Since the 1970s, many fossilized bones of dinosaurs were discovered in Thailand, most of them in the northeastern region, and the significance of these discoveries were acknowledged all over the world. Although this resulted in outbursts of dinosaurmania (short: dinomania), especially in the Northeast where cement dinosaurs were erected in front of town halls and schools and in public and private gardens (where they soon outnumbered the exotic zebras and giraffes), the fossil reptiles from Thai soil never stirred Thai nationalism in the way beauty queens or pugilists did.
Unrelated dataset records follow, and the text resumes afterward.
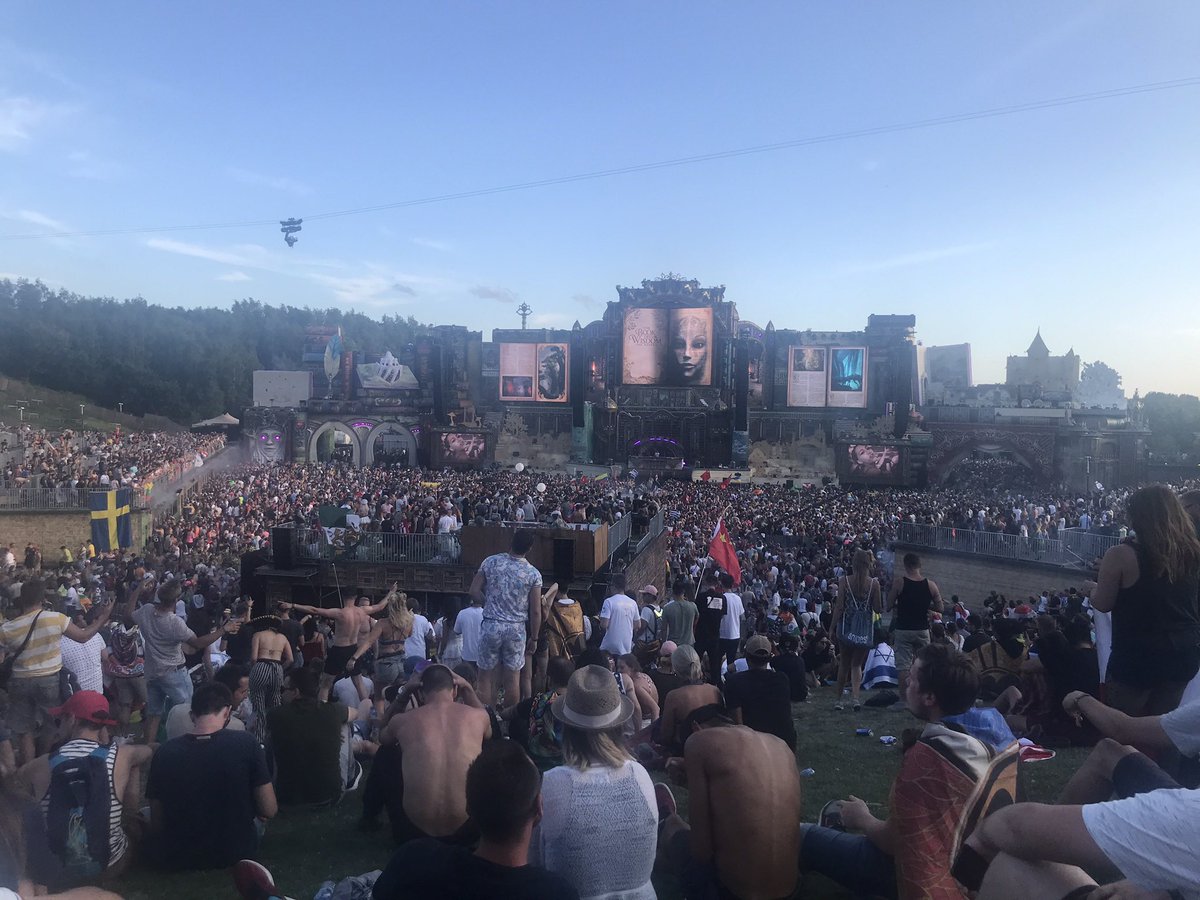melcrosato's tweet photo. To think that only 12 months ago today I was surrounded by people from around the world at Tomorrowland and now I don’t know when I’ll be able to see my family and I can’t leave the house without wearing a mask... https://t.co/PGstTuG3in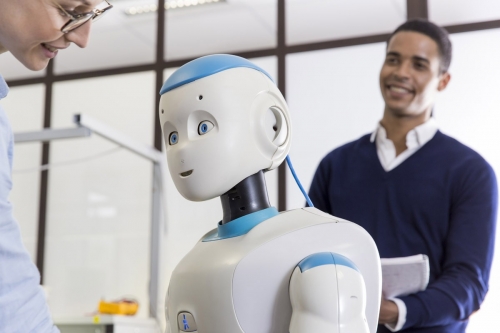 Photo corporate réalisée dans un atelier de robotique. Un duo femme et homme travaillent sur le robot Roméo. Annonceur : SoftBank Robotique. Agence : Toma. DA : Aurélien Esquivet. | Philippe DUREUIL Photographie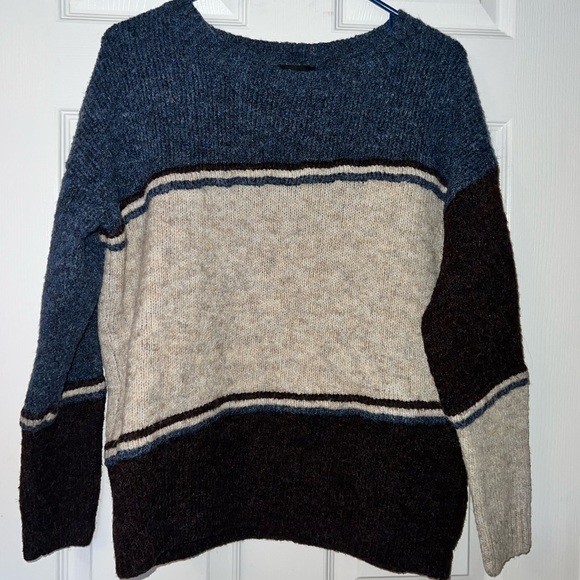 Winter sweater - Picture 1 of 2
Thai dinomania was fun and coincided with the waves of dinomania that conquered the world following Steven Spielberg’s classic movies Jurassic Park I and II.

Figure 2A. Excavation at Phu Kum Khao (Hill) in Kalasin’s Sahatsakhan District, 1996.
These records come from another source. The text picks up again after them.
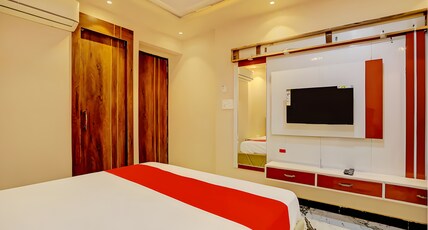 HOTEL INDIANA PALACE Room Type - DELUXE ROOM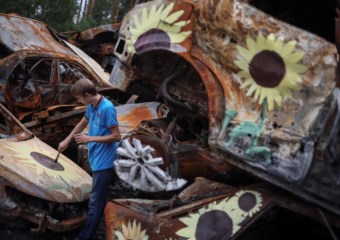 Nos carros destruídos pela guerra pintam-se girassóis. É como um  “renascimento”, Guerra na Ucrânia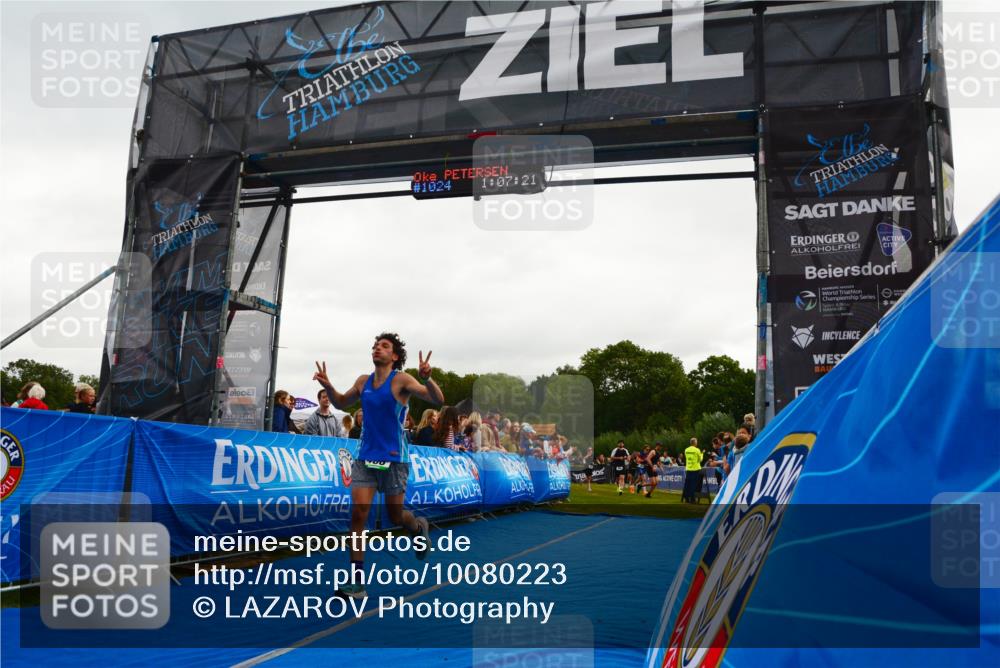 30.08.2026 - Elbe Triathlon Hamburg LAZAROV Photography http://msf.ph/oto/10080223 30.08.2026 11:07:23 Ziel 488, 495, 1024 meine-sportfotos.de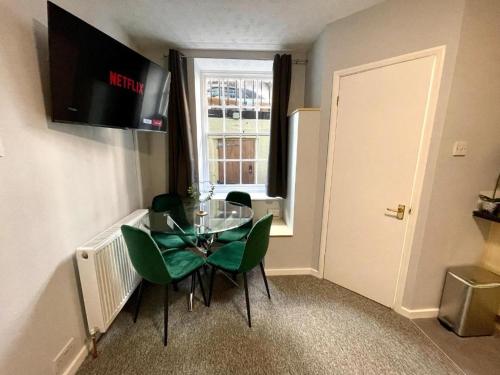 Brighton Beach Apartments & Hot Tubs in Brighton and Hove Brighton Beach Apartments & Hot Tubs in Brighton and Hove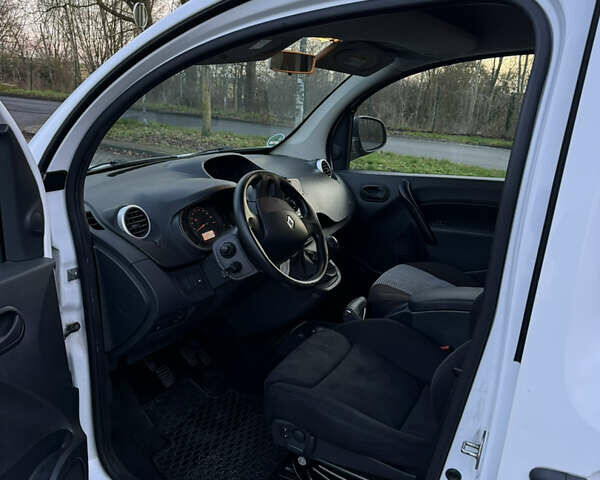 Белый Рено Кенгу, объемом двигателя 1.5 л и пробегом 186 тыс. км за 10699 $, фото 60 на Automoto.ua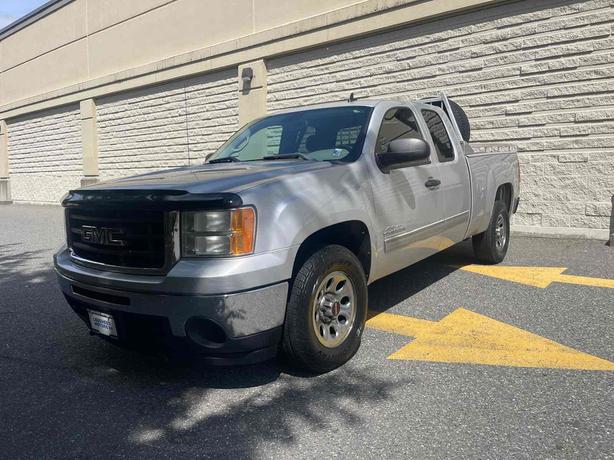 2011 GMC Sierra 1500 image 2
However, it is no exaggeration to state that Thailand has become one of the world’s most important graveyards of dinosaur fossils. Not only belonged many of the Thai dinosaurs to species new to science, they also provided scientists with data that led to new insights on continental drift over the past 200 million years, e.g. the time span during which parts of Gondwanaland broke off, drifted away, and at last collided and fused with the supercontinent Laurasia. Moreover, some of the fossils are truly amazing, such as the in 1995 unearthed Siamotyrannus isanensis, believed to be the oldest known relative of the fearsome, infamous Tyrannosuarus rex.
At present (2018), at least five museums in Thailand have exhibitions of the fossilized bones and models of Thai dinosaurs.
Best known sites of the fossil heritage are Phu Wiang in Khon Kaen Province, Phu Kum Khao in Kalasin’s Sahatsakhan District, and a site in Nakhon Ratchasima Province. Nearly all fossilized bones and footprints of the ancient reptiles originated from the Isan, but bones unearthed in Chiang Muan District, are evidence that dinosaurs also roamed the northern province of Phayao.
Dinomania in Thailand peaked in 1996 and 1997, following discoveries in Kalasin Province. E.g., in those years, the Bangkok Post published at least three main articles on dinosaurs within a few months, all focusing on the Thai geologist Varuvudh Suteethorn who was involved with the excavations.

In 1996 I headed for Kalasin to bring a visit to a little excavation site near a local temple, Wat Sakawan, at the foot of a hill in Sahatsakhan District. Two years earlier, the abbot of the temple had stumbled over a piece of bone while supervising the construction of a road. More than 630 pieces of bone of at least six dinosaurs had been excavated during the following years. The memory of this trip to Sahatsakhan, twenty years ago, is still fresh, as the trip inspired me to write a column about the Thais dinosaurs for the travel section of de Volkskrant, a major Dutch newspaper (later rewritten for my website, see: Dinosauriërs in Kalasin – in Dutch).

Figure 2B. A-B. Reconstructions of Phuwiangosaurus sirindhornae at Phu Kum Khao (Hill) in Kalasin’s Sahatsakhan District. C. View from the hill.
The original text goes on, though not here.